From their first LP in 1973, to their powerful stage presence today, the Marshall Tucker Band has played countless concert venues around the world. With the success of the Volunteer Jam Tour, and release of their latest CD Gospel, in 1999, the good ol' boys from Spartanburg, South Carolina remain as a powerful force in the world of music.
The future should provide even more excitement as the band has added a new member to its lineup. In January of 1999, Clay Cook made his first appearance as a member of the Marshall Tucker Band. Clay is the twenty-three year old nephew of Doug Gray and talent definitely runs in the family. Clay plays keyboards, flute, and saxophone. In addition to this, he can sing with a vengeance.
Gray is quick to credit the band's current dynamic members with carrying on the everlasting Marshall Tucker Band sound. When Toy Caldwell stepped away from the band in 1984 for a much-deserved vacation, Rusty Milner came into the group. Milner, a veteran rock guitarist from The Artimus Pyle Band, also from Spartanburg, S.C., was the obvious choice for a replacement. Veteran bassist/songwriter Tim Lawter also joined the MTB in 1984, bringing with him talents that would soon deliver such songs to the group's catalog as "Driving You Out of My Mind," "Stay In The Country," and the down-home blues track, "Mean Miss Sweetie," an up-tempo romp from the 1998 "Face Down in the Blues" release. In 1989, slide guitarist Stuart Swanlund joined the lineup of talented musicians. They also added the highly respected B.B. Borden, who is a former member of both Mother's Finest and The Outlaws, on drums in the early 90's.

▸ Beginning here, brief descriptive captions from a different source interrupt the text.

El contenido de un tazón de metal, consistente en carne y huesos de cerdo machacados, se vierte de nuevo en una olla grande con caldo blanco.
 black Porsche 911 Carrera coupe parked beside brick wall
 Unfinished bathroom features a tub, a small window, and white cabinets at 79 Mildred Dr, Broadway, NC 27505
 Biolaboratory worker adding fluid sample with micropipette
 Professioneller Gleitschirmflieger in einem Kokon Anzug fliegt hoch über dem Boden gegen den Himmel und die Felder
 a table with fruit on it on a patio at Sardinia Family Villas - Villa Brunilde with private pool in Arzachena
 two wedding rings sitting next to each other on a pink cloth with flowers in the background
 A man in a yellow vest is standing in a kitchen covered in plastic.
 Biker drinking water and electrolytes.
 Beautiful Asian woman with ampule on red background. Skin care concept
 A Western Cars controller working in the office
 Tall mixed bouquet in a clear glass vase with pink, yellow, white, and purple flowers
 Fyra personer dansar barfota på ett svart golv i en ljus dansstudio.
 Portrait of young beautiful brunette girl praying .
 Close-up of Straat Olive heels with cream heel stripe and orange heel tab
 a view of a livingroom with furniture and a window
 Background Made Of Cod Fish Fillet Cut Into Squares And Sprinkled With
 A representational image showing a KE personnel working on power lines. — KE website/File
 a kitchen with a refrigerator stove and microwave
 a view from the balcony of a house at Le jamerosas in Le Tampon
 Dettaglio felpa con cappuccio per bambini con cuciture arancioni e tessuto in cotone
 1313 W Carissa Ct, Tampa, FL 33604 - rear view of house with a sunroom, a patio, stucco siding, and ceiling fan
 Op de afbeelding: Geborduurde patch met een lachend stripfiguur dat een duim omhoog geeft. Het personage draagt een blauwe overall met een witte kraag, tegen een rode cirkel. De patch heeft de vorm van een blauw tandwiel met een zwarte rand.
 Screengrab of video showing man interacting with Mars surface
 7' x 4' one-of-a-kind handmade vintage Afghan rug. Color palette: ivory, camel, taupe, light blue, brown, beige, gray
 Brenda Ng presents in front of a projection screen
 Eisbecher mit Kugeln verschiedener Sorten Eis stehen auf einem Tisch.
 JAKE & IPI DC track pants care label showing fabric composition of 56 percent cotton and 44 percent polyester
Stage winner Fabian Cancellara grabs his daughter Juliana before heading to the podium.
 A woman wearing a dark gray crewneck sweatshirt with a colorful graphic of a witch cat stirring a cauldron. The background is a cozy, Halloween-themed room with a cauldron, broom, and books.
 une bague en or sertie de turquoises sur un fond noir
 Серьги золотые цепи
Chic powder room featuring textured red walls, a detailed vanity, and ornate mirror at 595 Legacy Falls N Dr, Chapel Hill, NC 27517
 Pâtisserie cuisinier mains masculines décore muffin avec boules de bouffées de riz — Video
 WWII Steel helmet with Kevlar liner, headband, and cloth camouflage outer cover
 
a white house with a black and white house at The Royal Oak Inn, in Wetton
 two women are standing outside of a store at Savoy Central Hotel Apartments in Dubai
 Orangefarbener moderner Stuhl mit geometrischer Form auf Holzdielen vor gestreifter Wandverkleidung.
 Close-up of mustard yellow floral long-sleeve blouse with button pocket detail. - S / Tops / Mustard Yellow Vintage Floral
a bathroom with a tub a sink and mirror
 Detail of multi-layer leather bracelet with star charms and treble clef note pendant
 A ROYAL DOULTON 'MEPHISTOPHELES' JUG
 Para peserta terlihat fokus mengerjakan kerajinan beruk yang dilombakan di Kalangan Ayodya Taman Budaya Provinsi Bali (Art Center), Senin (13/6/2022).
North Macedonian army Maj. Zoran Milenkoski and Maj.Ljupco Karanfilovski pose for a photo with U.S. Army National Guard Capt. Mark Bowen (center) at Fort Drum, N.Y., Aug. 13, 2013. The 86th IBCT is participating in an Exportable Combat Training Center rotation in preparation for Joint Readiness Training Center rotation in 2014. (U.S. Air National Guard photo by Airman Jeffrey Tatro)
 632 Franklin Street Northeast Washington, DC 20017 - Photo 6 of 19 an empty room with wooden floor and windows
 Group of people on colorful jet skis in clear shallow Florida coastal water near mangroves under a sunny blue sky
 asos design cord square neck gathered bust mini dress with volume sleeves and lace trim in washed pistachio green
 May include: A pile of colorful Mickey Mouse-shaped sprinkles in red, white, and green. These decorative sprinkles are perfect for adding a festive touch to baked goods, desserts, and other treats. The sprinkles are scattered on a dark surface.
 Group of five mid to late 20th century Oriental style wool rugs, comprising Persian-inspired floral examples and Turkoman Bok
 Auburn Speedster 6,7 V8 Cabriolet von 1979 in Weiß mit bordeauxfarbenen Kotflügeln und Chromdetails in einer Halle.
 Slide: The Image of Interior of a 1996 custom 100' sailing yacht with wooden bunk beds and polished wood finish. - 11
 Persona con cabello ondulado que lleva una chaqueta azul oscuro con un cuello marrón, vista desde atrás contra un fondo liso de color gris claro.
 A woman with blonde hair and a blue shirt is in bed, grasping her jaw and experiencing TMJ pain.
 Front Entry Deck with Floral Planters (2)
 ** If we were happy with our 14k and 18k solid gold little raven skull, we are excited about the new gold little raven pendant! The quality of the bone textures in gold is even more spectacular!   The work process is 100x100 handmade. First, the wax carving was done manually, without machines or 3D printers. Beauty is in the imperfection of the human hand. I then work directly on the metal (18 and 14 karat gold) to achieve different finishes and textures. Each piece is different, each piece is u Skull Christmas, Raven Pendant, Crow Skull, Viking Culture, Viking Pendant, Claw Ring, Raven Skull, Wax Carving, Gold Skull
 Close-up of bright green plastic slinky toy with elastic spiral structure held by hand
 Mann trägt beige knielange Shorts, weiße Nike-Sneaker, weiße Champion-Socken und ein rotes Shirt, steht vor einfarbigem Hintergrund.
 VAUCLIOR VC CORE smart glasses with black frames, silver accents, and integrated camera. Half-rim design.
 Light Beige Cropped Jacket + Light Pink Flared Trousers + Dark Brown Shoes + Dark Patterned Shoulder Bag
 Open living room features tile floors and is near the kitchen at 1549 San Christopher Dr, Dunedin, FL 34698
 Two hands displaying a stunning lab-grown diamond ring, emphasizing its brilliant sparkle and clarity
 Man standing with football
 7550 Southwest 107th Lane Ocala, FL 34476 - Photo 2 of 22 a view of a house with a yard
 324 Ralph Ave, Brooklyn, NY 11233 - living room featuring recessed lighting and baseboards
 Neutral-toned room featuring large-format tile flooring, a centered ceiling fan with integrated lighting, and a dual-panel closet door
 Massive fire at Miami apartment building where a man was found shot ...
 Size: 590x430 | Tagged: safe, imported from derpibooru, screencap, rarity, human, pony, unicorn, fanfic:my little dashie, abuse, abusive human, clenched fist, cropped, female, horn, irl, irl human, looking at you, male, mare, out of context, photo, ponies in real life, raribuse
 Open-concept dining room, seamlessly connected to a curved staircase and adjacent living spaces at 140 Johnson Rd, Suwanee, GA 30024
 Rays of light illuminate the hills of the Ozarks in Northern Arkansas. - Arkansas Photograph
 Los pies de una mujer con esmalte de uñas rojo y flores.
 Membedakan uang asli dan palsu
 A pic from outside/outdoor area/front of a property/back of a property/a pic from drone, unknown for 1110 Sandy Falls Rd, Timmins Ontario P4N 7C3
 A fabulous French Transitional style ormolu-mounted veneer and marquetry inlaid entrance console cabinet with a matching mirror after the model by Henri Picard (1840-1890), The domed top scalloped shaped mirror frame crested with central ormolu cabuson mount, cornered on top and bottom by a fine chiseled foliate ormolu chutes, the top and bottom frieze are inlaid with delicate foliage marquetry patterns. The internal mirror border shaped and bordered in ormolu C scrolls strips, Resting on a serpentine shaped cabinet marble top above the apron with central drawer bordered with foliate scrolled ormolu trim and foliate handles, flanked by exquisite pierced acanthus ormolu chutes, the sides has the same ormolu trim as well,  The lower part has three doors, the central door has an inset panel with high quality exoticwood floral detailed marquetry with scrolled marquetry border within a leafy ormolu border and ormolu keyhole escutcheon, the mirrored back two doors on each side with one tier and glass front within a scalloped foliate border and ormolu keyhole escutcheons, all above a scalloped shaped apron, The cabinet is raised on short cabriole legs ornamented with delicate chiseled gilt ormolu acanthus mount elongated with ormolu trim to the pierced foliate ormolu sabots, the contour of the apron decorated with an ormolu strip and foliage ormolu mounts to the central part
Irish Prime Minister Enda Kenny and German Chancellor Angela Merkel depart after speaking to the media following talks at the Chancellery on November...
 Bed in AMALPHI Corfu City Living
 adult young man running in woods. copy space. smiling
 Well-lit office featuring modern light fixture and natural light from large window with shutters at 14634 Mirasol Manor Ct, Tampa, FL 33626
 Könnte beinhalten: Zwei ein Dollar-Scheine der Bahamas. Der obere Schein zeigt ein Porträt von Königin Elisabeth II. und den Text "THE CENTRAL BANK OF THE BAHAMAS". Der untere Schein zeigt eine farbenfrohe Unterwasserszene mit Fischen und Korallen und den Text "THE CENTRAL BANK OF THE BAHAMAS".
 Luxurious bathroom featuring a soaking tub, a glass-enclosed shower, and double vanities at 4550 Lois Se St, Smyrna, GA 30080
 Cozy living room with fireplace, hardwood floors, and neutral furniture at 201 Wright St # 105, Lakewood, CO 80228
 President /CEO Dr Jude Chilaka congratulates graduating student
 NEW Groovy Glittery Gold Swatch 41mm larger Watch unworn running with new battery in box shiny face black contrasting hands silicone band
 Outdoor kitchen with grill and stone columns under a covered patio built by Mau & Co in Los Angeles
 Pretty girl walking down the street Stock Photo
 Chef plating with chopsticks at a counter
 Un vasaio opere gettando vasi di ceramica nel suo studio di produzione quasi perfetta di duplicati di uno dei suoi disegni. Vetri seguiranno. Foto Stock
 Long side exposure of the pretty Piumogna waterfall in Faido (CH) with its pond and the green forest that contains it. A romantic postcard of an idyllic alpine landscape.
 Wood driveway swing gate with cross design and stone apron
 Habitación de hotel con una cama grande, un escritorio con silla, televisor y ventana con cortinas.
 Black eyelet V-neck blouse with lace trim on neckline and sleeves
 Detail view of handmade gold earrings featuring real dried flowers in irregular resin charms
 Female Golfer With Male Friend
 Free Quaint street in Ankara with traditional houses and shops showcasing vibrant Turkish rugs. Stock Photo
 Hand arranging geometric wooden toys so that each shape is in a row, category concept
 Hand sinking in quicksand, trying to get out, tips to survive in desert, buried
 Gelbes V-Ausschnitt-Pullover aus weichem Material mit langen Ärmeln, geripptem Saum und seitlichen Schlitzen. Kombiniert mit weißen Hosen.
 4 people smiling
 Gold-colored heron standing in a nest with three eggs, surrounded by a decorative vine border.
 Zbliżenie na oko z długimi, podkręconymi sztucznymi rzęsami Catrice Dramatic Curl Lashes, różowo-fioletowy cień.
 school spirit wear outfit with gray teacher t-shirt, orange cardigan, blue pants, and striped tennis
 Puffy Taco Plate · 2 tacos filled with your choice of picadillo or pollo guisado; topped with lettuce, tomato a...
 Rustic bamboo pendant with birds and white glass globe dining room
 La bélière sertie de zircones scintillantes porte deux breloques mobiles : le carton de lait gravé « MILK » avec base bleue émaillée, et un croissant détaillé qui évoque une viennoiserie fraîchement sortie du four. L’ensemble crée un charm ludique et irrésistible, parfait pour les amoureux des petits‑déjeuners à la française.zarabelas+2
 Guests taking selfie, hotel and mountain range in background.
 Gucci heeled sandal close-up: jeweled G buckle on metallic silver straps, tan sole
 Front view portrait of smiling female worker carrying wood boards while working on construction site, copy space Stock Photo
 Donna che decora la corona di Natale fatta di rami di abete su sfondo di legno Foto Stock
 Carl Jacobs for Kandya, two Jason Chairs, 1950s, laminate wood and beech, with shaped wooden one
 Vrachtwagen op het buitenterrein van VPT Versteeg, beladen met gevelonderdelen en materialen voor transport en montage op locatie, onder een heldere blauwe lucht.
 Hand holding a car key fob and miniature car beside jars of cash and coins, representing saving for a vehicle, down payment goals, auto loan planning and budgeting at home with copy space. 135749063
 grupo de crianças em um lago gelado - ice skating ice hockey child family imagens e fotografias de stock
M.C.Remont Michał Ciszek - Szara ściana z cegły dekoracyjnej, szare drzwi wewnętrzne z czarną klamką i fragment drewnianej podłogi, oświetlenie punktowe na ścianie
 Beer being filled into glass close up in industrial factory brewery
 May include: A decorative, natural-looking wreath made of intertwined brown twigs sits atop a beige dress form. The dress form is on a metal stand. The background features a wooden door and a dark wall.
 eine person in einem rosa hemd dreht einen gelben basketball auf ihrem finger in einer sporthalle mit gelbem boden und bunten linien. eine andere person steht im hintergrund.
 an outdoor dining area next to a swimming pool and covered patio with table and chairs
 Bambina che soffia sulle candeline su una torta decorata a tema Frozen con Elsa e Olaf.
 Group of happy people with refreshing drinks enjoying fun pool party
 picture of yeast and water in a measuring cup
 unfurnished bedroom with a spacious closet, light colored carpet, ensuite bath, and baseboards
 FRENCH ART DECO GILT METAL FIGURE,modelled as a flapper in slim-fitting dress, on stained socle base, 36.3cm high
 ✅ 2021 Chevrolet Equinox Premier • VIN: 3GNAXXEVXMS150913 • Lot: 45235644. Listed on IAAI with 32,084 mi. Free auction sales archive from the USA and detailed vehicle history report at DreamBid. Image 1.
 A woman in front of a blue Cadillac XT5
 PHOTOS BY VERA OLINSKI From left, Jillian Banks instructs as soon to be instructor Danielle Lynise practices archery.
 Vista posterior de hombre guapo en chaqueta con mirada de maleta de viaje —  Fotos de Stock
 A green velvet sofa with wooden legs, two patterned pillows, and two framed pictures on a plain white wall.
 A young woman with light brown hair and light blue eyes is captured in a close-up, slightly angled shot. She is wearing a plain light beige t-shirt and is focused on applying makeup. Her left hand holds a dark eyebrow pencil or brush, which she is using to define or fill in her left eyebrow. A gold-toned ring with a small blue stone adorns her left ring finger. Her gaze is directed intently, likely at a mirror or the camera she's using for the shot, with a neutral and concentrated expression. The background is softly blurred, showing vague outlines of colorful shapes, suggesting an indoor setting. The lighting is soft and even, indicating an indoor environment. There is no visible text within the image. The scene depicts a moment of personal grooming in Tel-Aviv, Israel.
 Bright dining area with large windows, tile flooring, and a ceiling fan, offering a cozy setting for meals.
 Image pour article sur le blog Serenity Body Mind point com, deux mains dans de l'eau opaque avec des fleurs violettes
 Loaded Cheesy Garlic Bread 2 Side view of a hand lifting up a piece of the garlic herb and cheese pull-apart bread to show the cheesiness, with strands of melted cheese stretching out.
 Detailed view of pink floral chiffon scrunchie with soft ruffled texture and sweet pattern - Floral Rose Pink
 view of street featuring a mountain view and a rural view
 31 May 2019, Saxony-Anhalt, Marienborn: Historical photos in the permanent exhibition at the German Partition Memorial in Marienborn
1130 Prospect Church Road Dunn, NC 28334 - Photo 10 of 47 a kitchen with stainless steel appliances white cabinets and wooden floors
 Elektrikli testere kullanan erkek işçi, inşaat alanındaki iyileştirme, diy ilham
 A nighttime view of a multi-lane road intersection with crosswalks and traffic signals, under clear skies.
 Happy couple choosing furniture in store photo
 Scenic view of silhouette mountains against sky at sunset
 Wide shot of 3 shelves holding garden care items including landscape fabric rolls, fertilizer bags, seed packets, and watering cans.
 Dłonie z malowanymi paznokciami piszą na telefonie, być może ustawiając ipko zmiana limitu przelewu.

"The buying public never really cared whether we were country or rock and roll" says founding member Doug Gray. "They called us a Southern rock band, but we have always played everything from country to blues and all things in-between. We're still playing all of the classic songs, but we are moving ahead into other styles as well. We're also playing for a younger audience than we have in the past, perhaps to the kids of the fans we played in front of in the 70's and 80's."
Gray also notes that people have gotten "married and buried" to classic MTB songs like "Desert Skies" and "Can't You See". After nearly 30 years, The Marshall Tucker Band continues to be played on classic rock and country radio, and they have never stopped touring.
"We never play less than 150 shows a year, and sometimes we play as many as 200 shows. We feel we owe it to the fans who have supported us through the years to deliver the music in person," says Gray.
Years of rigorous tour schedules earned the band the respect of critics and countless dedicated fans. With hit singles like "Heard It In a Love Song," "Fire On The Mountain," "Can't You See," and "Take The Highway," The Marshall Tucker Band earned seven gold and three platinum albums while they were on the Capricorn Records label. During the 90's, the MTB scored four hit singles on Billboard's country chart and one on Billboard's gospel chart. Their music has also been featured on the soundtracks of movies such as Smokey and the Bandit, The Pursuit of D.B. Cooper, and Shipwrecked.
The Marshall Tucker Band got its start in Spartanburg, S.C. when Gray teamed up with Tommy Caldwell and Toy Caldwell, Paul T. Riddle, George McCorkle and Jerry Eubanks, borrowing the name "Marshall Tucker" from a piano tuner who's name was found on a key ring in their old rehearsal space. In 1972, they signed with Capricorn Records, the same label that guided The Allman Brothers Band, Wet Willie, and others to national fame. The MTB opened shows for The Allman Brothers in 1973, and the following year, they began to headline their own shows across America due to the platinum-plus sales of their debut album.
In years to come, The Marshall Tucker Band would wow critics and influence major country acts like Alabama, The Kentucky Headhunters, Confederate Railroad, and Travis Tritt with its definitive blend of rock, rhythm & blues, jazz, country, and gospel. Now, thanks to the expanding scope of today's music, a new generation of fans is learning what the rest of their fans have known for so long- that good music knows no boundaries.
"As we've become older," Gray grins, eyes twinkling, "our Southern heritage seems to come out even more. But no matter how old we get, we can still rock your socks off."